• [Data shown]:

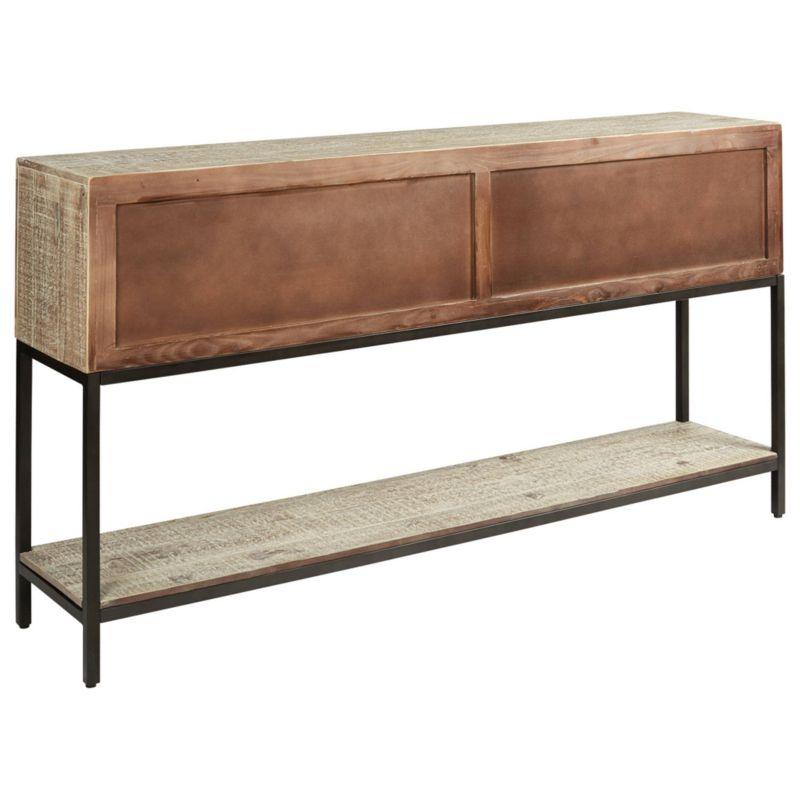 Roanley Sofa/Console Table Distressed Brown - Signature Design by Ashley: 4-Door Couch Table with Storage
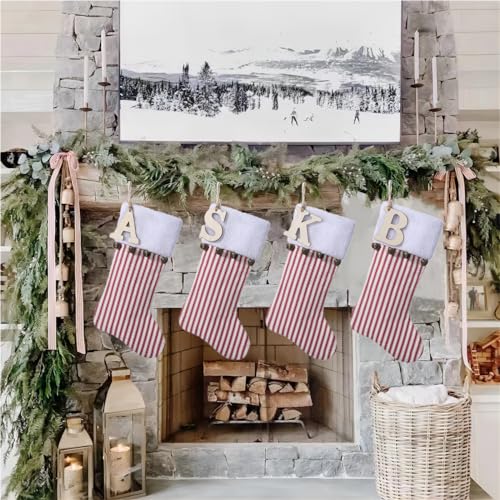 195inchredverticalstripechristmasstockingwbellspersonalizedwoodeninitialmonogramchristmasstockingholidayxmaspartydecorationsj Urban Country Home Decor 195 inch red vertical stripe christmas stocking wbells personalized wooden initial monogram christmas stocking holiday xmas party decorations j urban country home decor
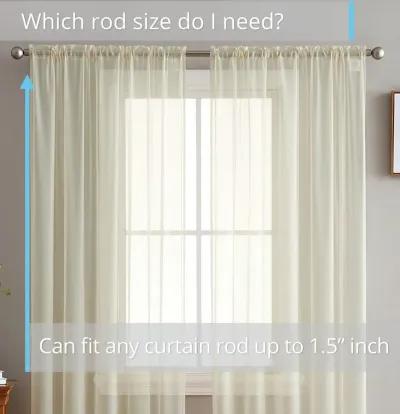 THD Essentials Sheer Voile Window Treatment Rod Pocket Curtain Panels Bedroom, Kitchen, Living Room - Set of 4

...

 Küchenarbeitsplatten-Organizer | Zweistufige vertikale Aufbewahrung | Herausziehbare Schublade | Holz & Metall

• [What you should do]:
Return, exactly as they stand, the lines above from the one with "Roanley Sofa/Console Table" to the one with "THD Essentials Sheer", omitting any pictures among them.

• [Expected output]:
 Roanley Sofa/Console Table Distressed Brown - Signature Design by Ashley: 4-Door Couch Table with Storage
 195inchredverticalstripechristmasstockingwbellspersonalizedwoodeninitialmonogramchristmasstockingholidayxmaspartydecorationsj Urban Country Home Decor 195 inch red vertical stripe christmas stocking wbells personalized wooden initial monogram christmas stocking holiday xmas party decorations j urban country home decor
 THD Essentials Sheer Voile Window Treatment Rod Pocket Curtain Panels Bedroom, Kitchen, Living Room - Set of 4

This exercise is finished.